Article

Miami: South Beach

SOUTH BEACH BITCH

Most people in South Beach – weekenders from New York, party people from Planet Fashion, hip/rich Europeans clutching style magazine guides – go there to soak up the some sun and stay up all night. Not me. Though normally nocturnal by nature, I go to get up early. South Beach may have built its reputation as one of the most fashionable, fabulous places in earth, swarming with cool and beautiful aficionados of taste, but in fact it is at its most heavenly without them.

There are few things as effortlessly pleasurable as stepping out of your hotel at 7 or 8am and walking down Ocean Drive for breakfast.

For once, Ocean Drive is virtually empty. The cocktail-drinking club kids and over-loaded aficionados of gay disco, techno, hip-hop and salsa are sleeping it off or probably still raving. Cuban old-timers sit around on their porches or potter about tending to their gardens. Local store workers get the newspaper and stock up on OJ for the day.
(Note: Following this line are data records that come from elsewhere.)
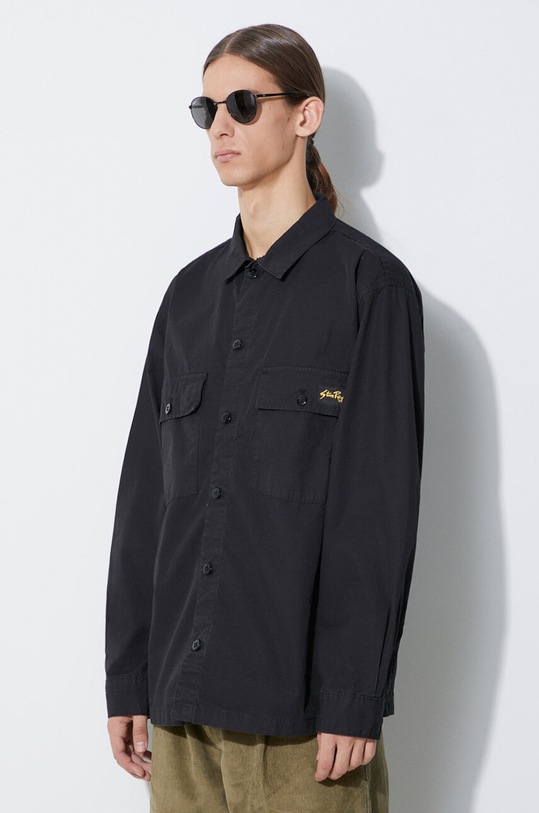 Stan Ray koszula bawełniana CPO SHIRT czarny AW2311149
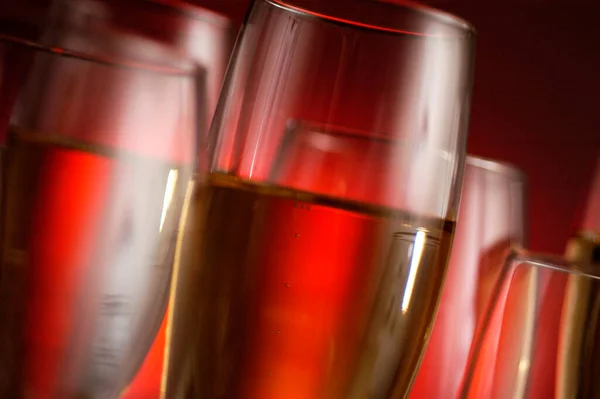 Close Glass Wine — стоковое фото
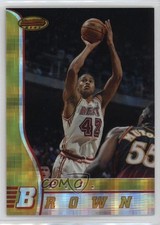 1996-97 Bowman's Best Atomic Refractor PJ Brown #12 h8k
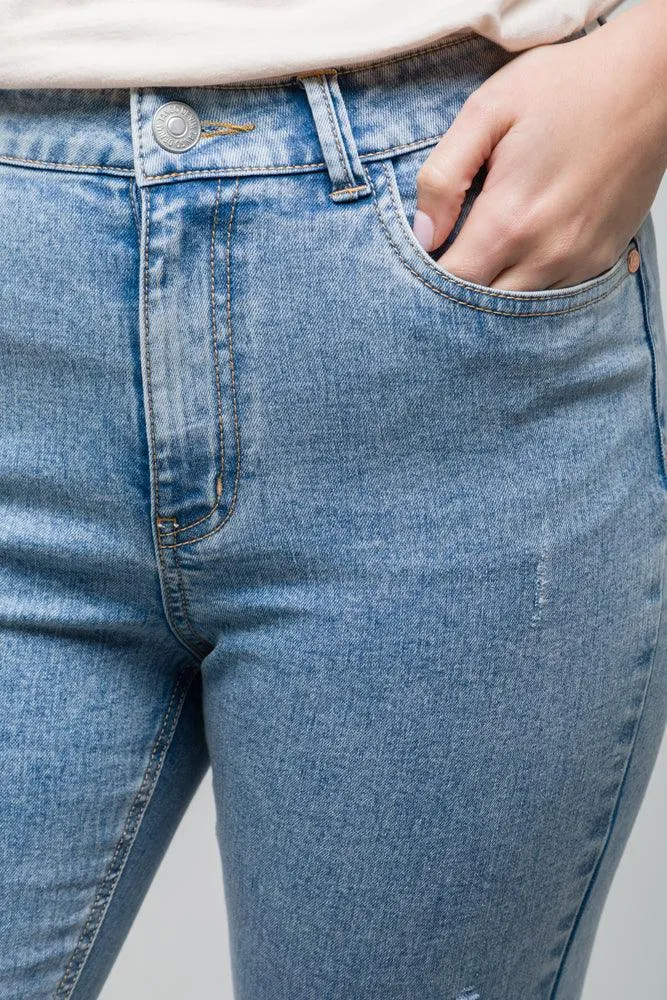 Ripped Skinny Denim Jeans Blue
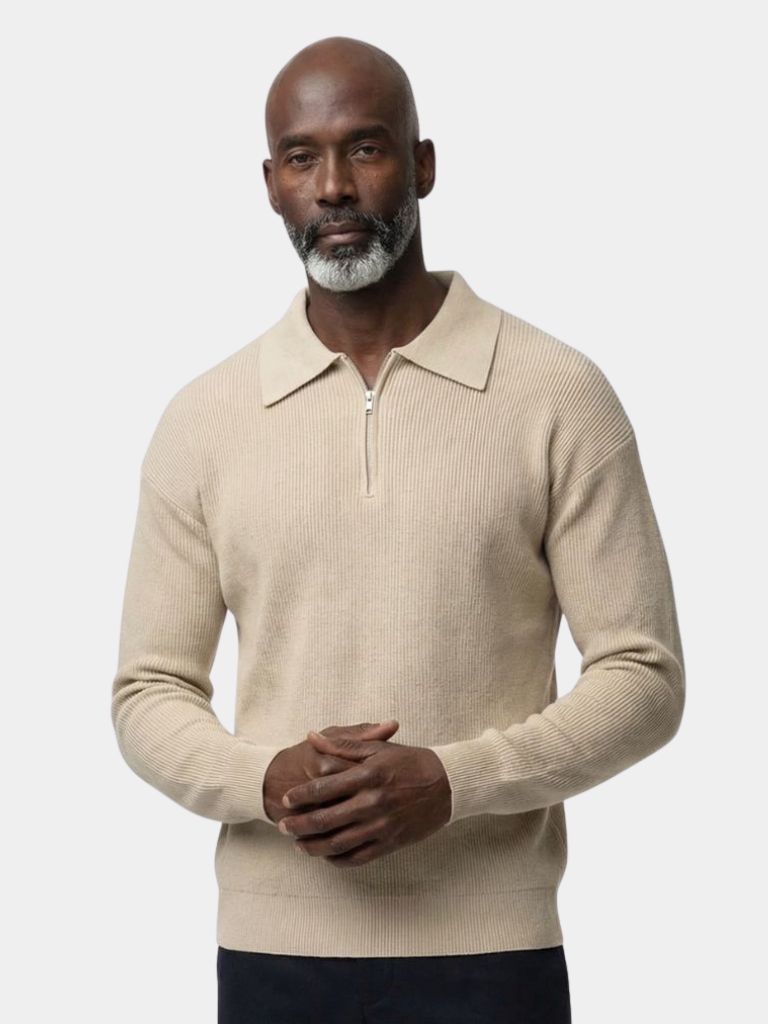 Pullover Essential con mezza zip - Aurelio Club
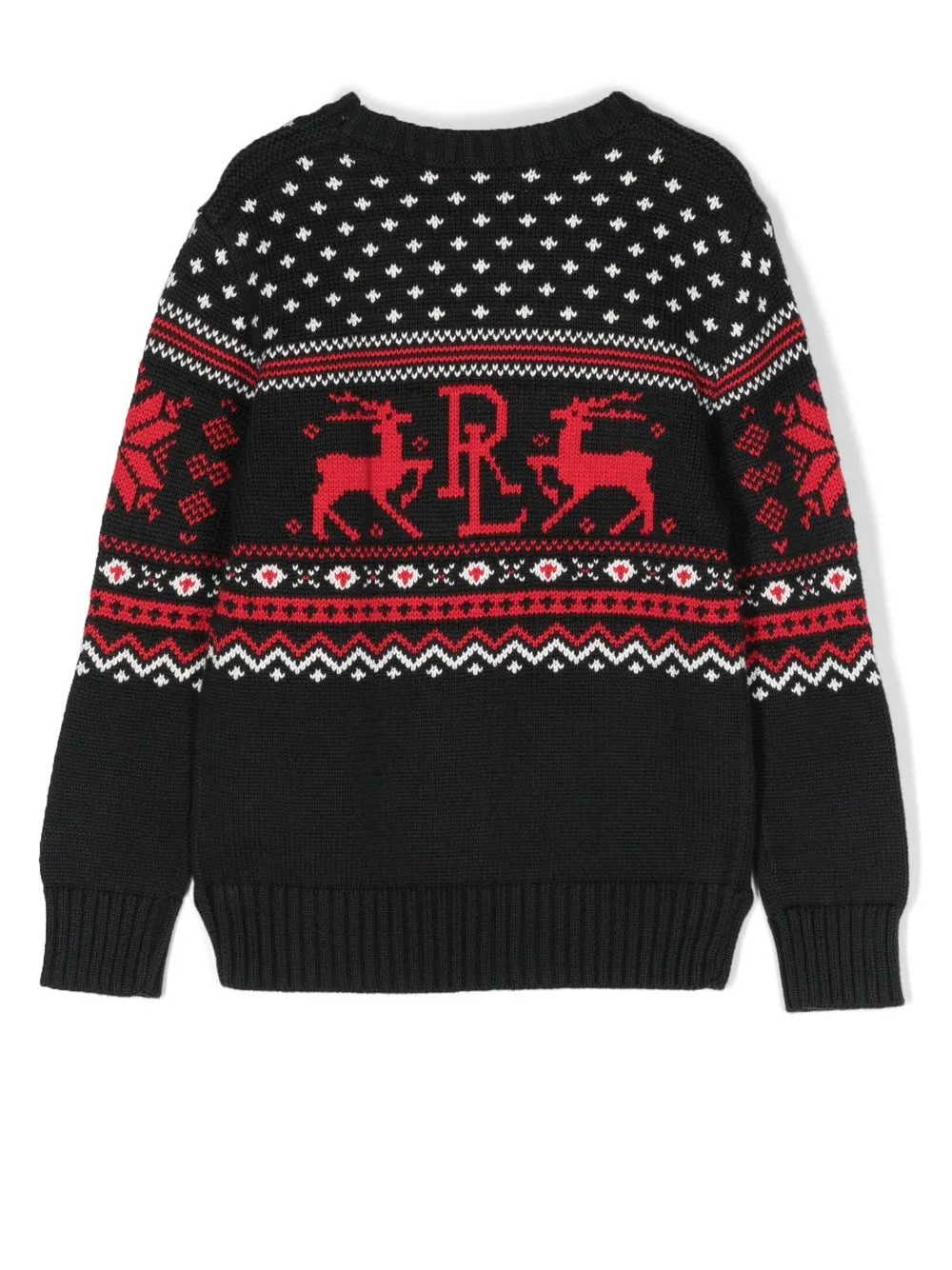 Ralph Lauren Kids Trui met geborduurd logo - Zwart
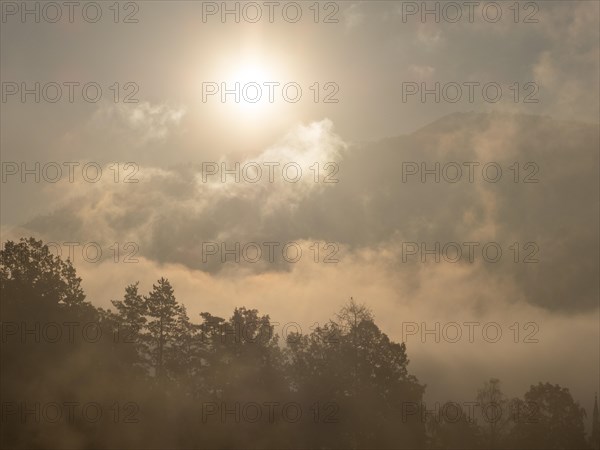 Morning clouds at sunrise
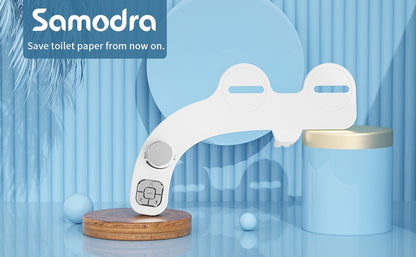 SAMODRA Button Bidet - Non-ElectricSelf  Cleaning Dual Nozzle (Frontal and Rear Wash) Fresh Water Bidet Toilet Seat Attachment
Despite the glorious certainty of some sun, everyone has something to say about the weather, casting a suspicious eye to the skies, spying a solitary cloud or sensing a sniff of a breeze and declaring that the temperature will only make 79.

“It sucks man, I’m telling you,” a guy wearing a pristine purple Polo shirt tucked into his pristine white tennis shorts sweeping the sidewalk told me, as I looked out at the gorgeous blue skies and vast white beaches stretched out before me.

Early on like this, in South Beach, even the sun is cool. When it is deserted like this, even the buildings are good-looking. The combination is sensational – the fondant-coloured Art Deco hotels catching the light, standing out like blocks of pink and yellow Neapolitan ice-cream. Looking down the strip unhindered, past the famous Versace gates towards the city, you inwardly acknowledge Miami’s favourite landmarks, the Marlin, the Tides, and the Delano: the holy trinity of hip hotels, where your (lethal) afternoon Long Island Tea awaits.

This is a time calm enough to take in the bombardment of smells in the air: the croissant and coffee and cinnamon, the Palm Trees, the sea. Sprinklers are still gently watering the islands of grass that parallel the croisette separating Ocean Drive from the beach. The sands (artificial – like everything else in South Beach; imported from Jamaica) are spotless, combed by an almost military convoy of tractors.

There is no traffic on Ocean Drive save the occasional lazy Harley or the gentle swish of a couple in matching lycra roller-blading down the middle of the road walking/skating their dogs. Even at the News Cafe, there is no difficulty in getting a table for your pre-requisite South Beach breakfast (eggs, designer hash browns, watermelon).

This is the time when you congratulate yourself for being somewhere so civilised. You are good-looking/looking good, you can tell yourself. You are in shape, in vogue, and in South Beach, where every day starts the same way. It is 8am, bliss. And it is all about to change.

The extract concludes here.